T.P.2.09 Induced exon skipping in normal and mdx muscle

Induced exon skipping to remove or by-pass protein truncating mutations in the dystrophin gene is emerging as a potential therapy for many cases of Duchenne muscular dystrophy. It has been proposed that the compromised sarcolemma of the dystrophic muscle fibres may facilitate uptake of compounds that induce exon skipping. If this were the case, then restoration of some functional dystrophin expression may restrict further oligomer uptake, thereby creating a therapeutic ceiling. We addressed this question by systemically treating normal C57BL/10ScSn mice with the same compound that induced substantial dystrophin exon 23 skipping and restored dystrophin expression in the mdx mouse model of muscular dystrophy (C57BL/10ScSnmdx). Repeated intraperitoneal injections of a phosphorodiamidate morpholino oligomer coupled to a cell penetrating peptide (PMO-P007), were sufficient to induce readily detectable levels of dystrophin gene transcripts missing exon 23 in normal skeletal muscle, as detected by RT-PCR. However, exon 23 skipping could not be detected in the heart until assay conditions were biased towards generation of shorter PCR products, after which 22% exon skipping was apparent in cardiac muscle from treated animals. Detailed protein studies were not possible on the normal dystrophin-positive background, but clearly, the uptake and efficacy of PMO-P007 was not compromised by the normal skeletal muscle sarcolemma.
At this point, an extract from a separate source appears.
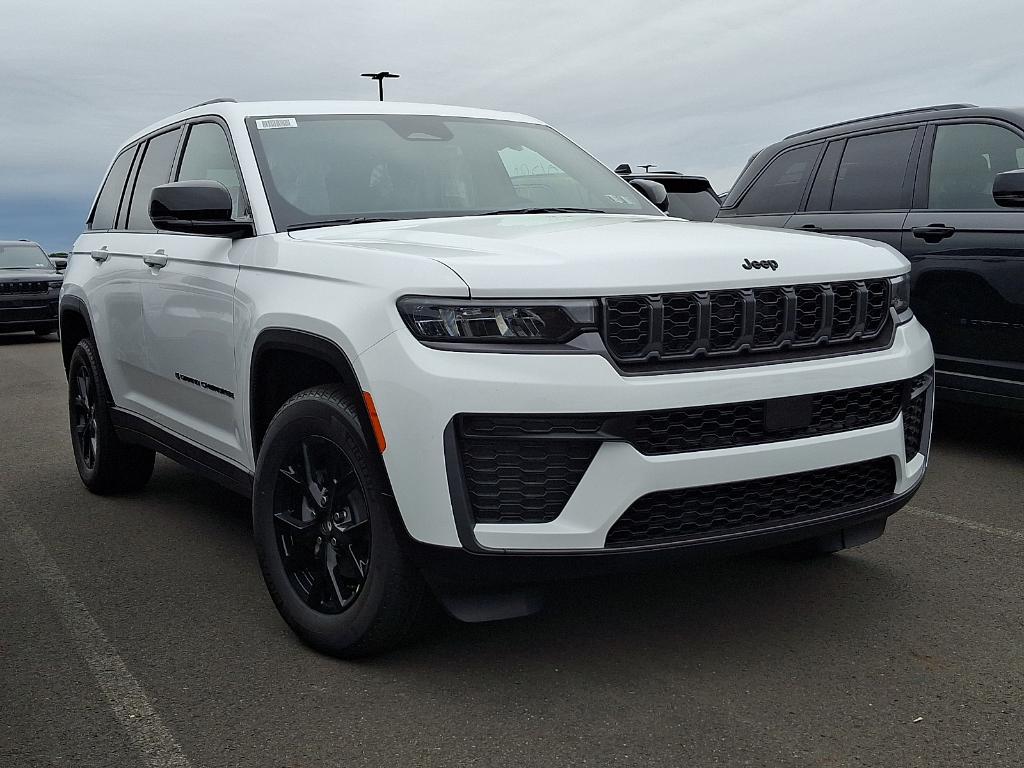 New 2026 Jeep Grand Cherokee Altitude 4x4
Furthermore, the selective bias that can be achieved to enhance apparent exon skipping during RT-PCR assays was such that we recommend molecular testing should be standardised to facilitate valid comparisons between different laboratories and studies.

T.P.2.01 Antisense oligomer design: Targeting and assay systems

Antisense oligonucleotides (AOs) can disrupt exon recognition and splicing during intron removal from the mature mRNA. We, and others, have found that approximately two out of three AOs can induce some exon skipping. However, the efficiency of exon removal varies greatly within and between exons. Some AOs may induce weak exon removal only after transfection at high concentrations, while other more optimised compounds induce substantial exon skipping at much lower concentrations. An empirical approach to AO design is to evaluate a ”first pass” panel of AOs to identify the most promising target in cultured human cells, and then design a series of overlapping AOs for further evaluation. Oligomer length and target annealing site are critical parameters in AO design. Despite strong homology between the mouse and human dystrophin genes, and the observation that a normal dystrophin gene is processed correctly in transgenic mice, we have identified several examples where targeting the same AO annealing sites leads to different exon skipping outcomes. Targeting the exon 23 donor splice site leads to efficient exon skipping in the mouse, while the human equivalent site was totally unresponsive. An oligomer designed to excise exon 16 from the normal dystrophin pre-mRNA was found to be more than an order of magnitude more efficient when applied to a dystrophic cell line with an exon 16 splice motif mutation. When such variation in AO efficacy is observed in cell lines expressing different dystrophin transcripts, the validity of using artificial systems, such as a plasmid containing a single dystrophin exon in the context of limited flanking sequence in a reporter gene, for oligomer design must be questioned. We propose that the most valid system in which to evaluate clinically relevant AOs is one in which dystrophin mRNA is processed in the presence of all normal cis and trans splicing elements.